Short descriptive text snippets:
_____

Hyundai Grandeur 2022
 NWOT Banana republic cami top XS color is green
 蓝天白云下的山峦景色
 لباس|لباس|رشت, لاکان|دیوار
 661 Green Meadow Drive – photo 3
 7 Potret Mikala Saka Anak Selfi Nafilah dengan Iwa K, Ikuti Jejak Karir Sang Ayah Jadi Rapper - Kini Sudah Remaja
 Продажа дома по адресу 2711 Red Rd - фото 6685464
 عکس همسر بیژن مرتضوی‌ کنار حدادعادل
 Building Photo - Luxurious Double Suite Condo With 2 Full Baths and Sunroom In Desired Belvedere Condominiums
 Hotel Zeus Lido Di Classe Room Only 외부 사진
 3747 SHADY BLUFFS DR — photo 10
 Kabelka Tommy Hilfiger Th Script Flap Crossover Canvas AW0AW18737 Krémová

_____

> _Work item_
Would you set the entries down again, exactly as they were written?

> _Your solution_
Hyundai Grandeur 2022
 NWOT Banana republic cami top XS color is green
 蓝天白云下的山峦景色
 لباس|لباس|رشت, لاکان|دیوار
 661 Green Meadow Drive – photo 3
 7 Potret Mikala Saka Anak Selfi Nafilah dengan Iwa K, Ikuti Jejak Karir Sang Ayah Jadi Rapper - Kini Sudah Remaja
 Продажа дома по адресу 2711 Red Rd - фото 6685464
 عکس همسر بیژن مرتضوی‌ کنار حدادعادل
 Building Photo - Luxurious Double Suite Condo With 2 Full Baths and Sunroom In Desired Belvedere Condominiums
 Hotel Zeus Lido Di Classe Room Only 외부 사진
 3747 SHADY BLUFFS DR — photo 10
 Kabelka Tommy Hilfiger Th Script Flap Crossover Canvas AW0AW18737 Krémová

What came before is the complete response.